Face It, Debbie Harry, Harper & Collins, 368 p., 20,90 €.

Le rock progressif en 150 groupes

Longtemps mal-aimé, le rock progressif, ou plutôt comme le précise l’auteur le « rock progressiste » (vraie traduction de progressive rock) trouve de nouveaux ambassadeurs et hérauts ces dernières années. Faire du rock une musique plus ambitieuse, trop parfois, est une obsession née à la fin des années 1960. Le parti pris du livre : présenter le mouvement à travers 150 groupes, détaillés chronologiquement (en fonction de leur première sortie), fonctionne pleinement.

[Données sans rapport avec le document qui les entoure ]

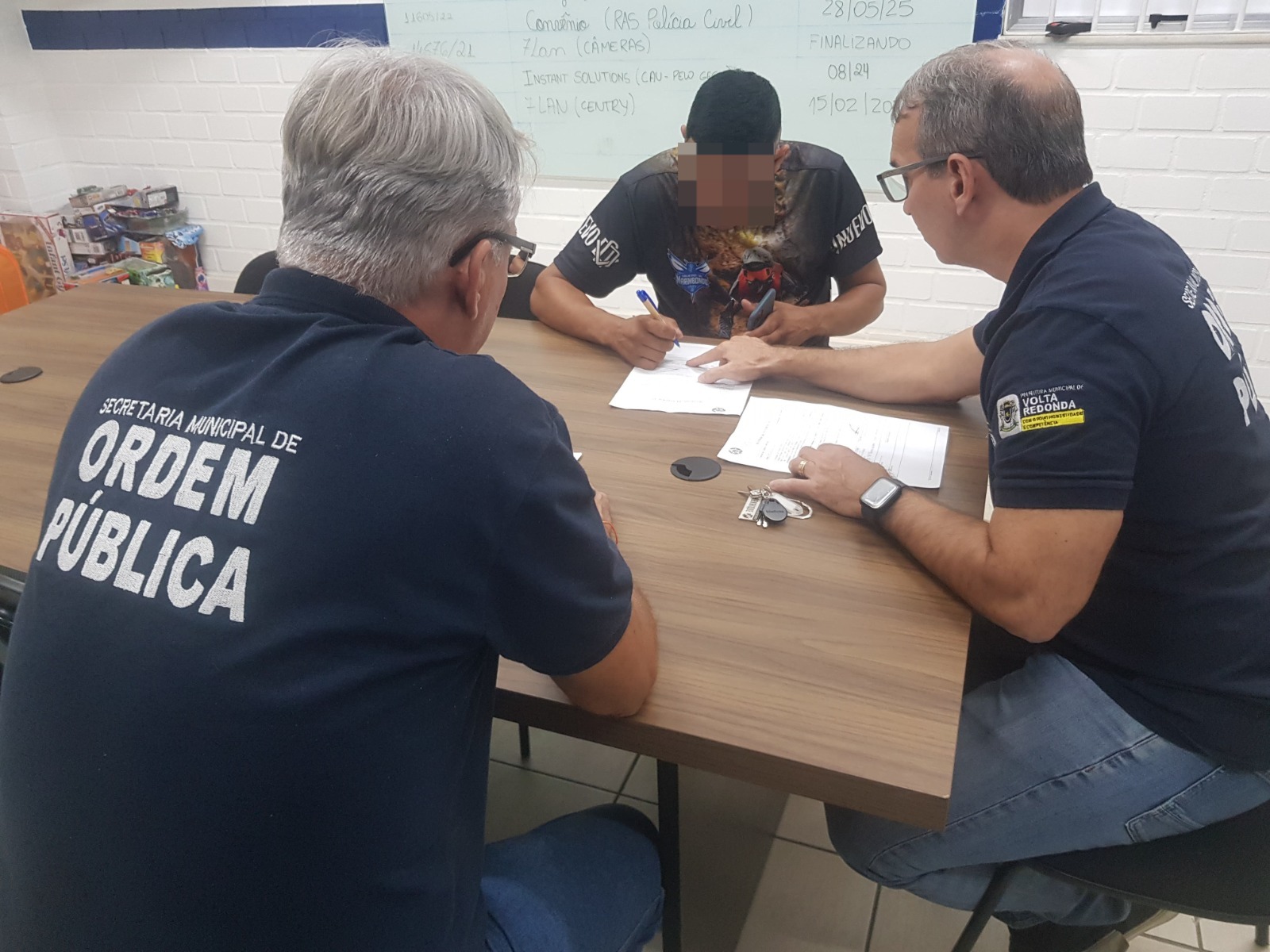 Volta Redonda: Ordem Pública e Polícia Civil notificam homem que divulgava na internet manobras perigosas em vias públicas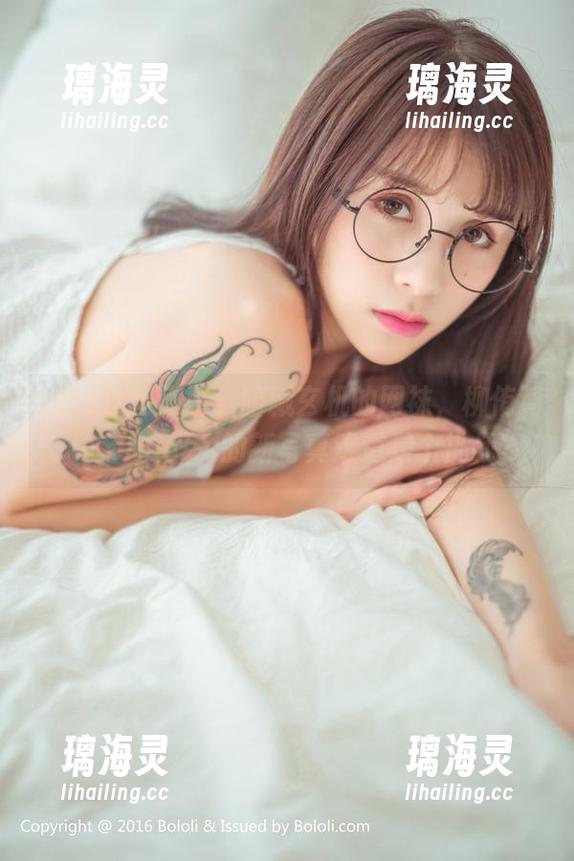 BoLoli菠萝社 - 暗藏玄机的网袜，柳侑绮Sevenbaby的新写真难道是个挑战？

Assumant une certaine subjectivité, Dominique Dupuis fait de Zappa un des pionniers dont la genèse est plus habituellement liée à la Grande-Bretagne. Bien entendu, l’attrait de ce type d’ouvrage est d’engranger une masse d’idées d’écoutes au-delà des classiques du genre que sont King Crimson, Genesis, Magma, Yes… Mission pleinement accomplie. Je doute d’être allé écouter Colosseum Live ou Moving Waves de Focus sans avoir été appâté par l’écriture érudite mais pas pédante de l’auteur. Une somme de 2,5 kg, dont on regrettera juste qu’elle passe un peu vite sur les avatars récents du genre.

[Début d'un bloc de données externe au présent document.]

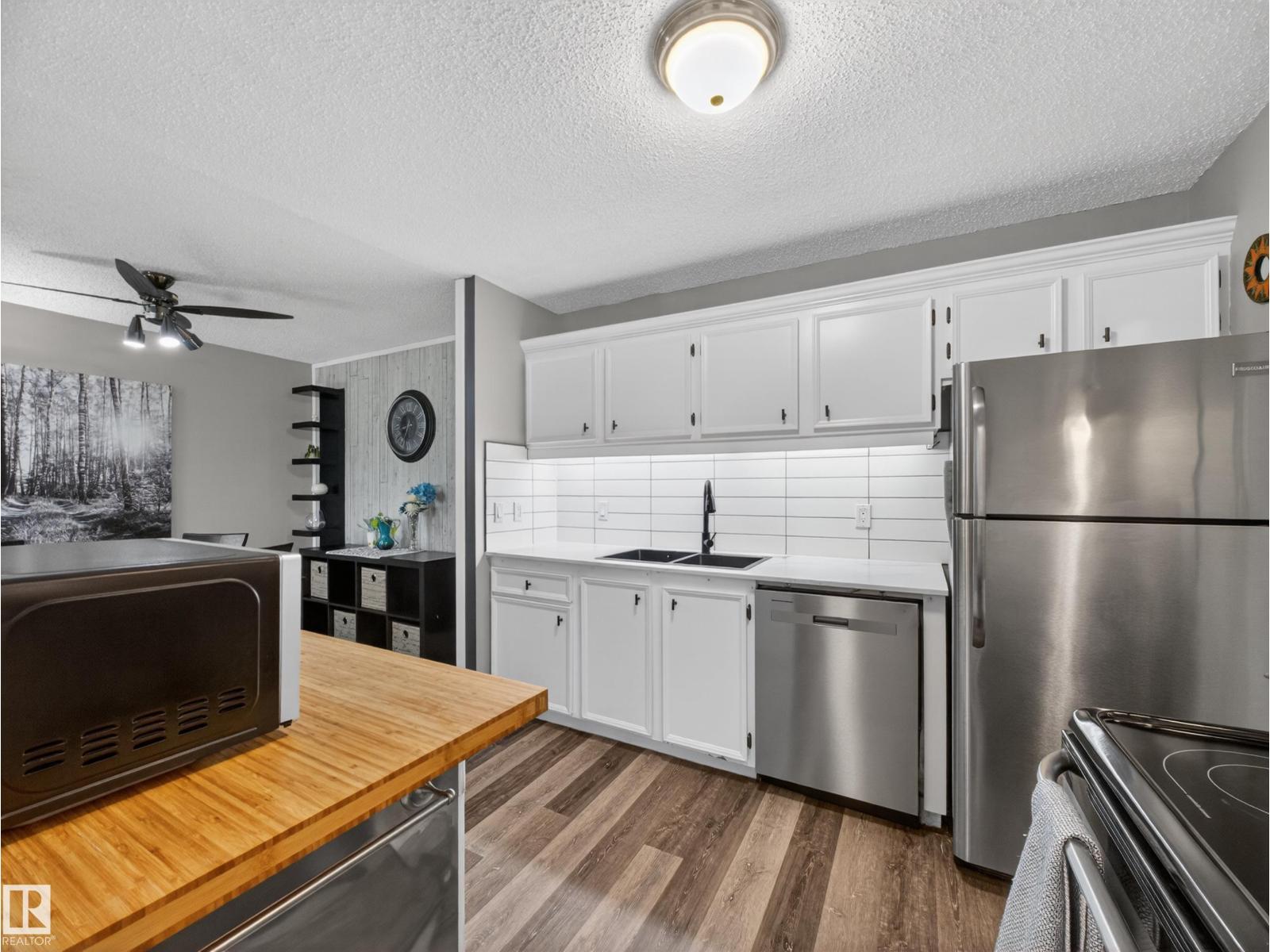 #165 2703 79 ST NW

Prog Rock en 150 Figures, Dominique Dupuis, Éditions du Layeur, 39,90 €.

Toutes les chansons de Queen

Le fonctionnement désormais bien rodé d’une collection devenue emblématique des éditions E/P/A (même si elles n’ont pas inventé le concept). Prenez un artiste ou un groupe star, décryptez toutes les chansons des albums (188 pour Queen). Rajoutez quelques pages pour évoquer des personnages, lieux, moments et objets (dont forcément la guitare Red Special de Brian May) essentiels, injectez un paquet de photos et gardez une mise en page très lisible. Vous obtenez un ouvrage indispensable aux fans de l’artiste.

Ce ne sont pas les prolifiques Jean-Michel Guesdon et Philippe Margotin (auteurs des Beatles, Stones, Dylan, Floyd, Hendrix et tout récemment Springsteen) qui se sont attelés à la tâche, mais un Benoît Clerc, auteur-compositeur dans le civil, et qui s’est montré à la hauteur. Et si huit pages sont consacrées à Bohemian Rhapsody, la signification du texte du morceau culte restera mystérieuse. Selon plusieurs témoignages, Freddie Mercury assurait lui-même n’avoir cherché que la rime, sans se préoccuper du sens…

Queen La Totale, Benoit Clerc, E/P/A. 528p., 49,95 €.

Les objets de Nick Cave

C’est le catalogue de l’exposition coréalisée par la Royal Danish Library, l’Arts Centre de Melbourne et Nick Cave, qui s’est tenue à Copenhague (Danemark). Des photos, des dessins, des peintures, des maquettes de pochettes d’albums ces carnets de notes faits à la main par lui-même, puis créés par un artisan australien, dans lesquels Nick Cave a souvent écrit ses textes. Mais aussi un sac estampillé Kylie Minogue, un buste de Jesus et une machine à écrire. Ces artefacts sont d’abord présentés seuls, en pleines pages, puis commentés à la fin, par Nick ou par le commissaire de l’expo. For fans only, mais génial pour les fans.

Stranger than Kindness, Nick Cave, Michel Lafon, 316 p., 45 €.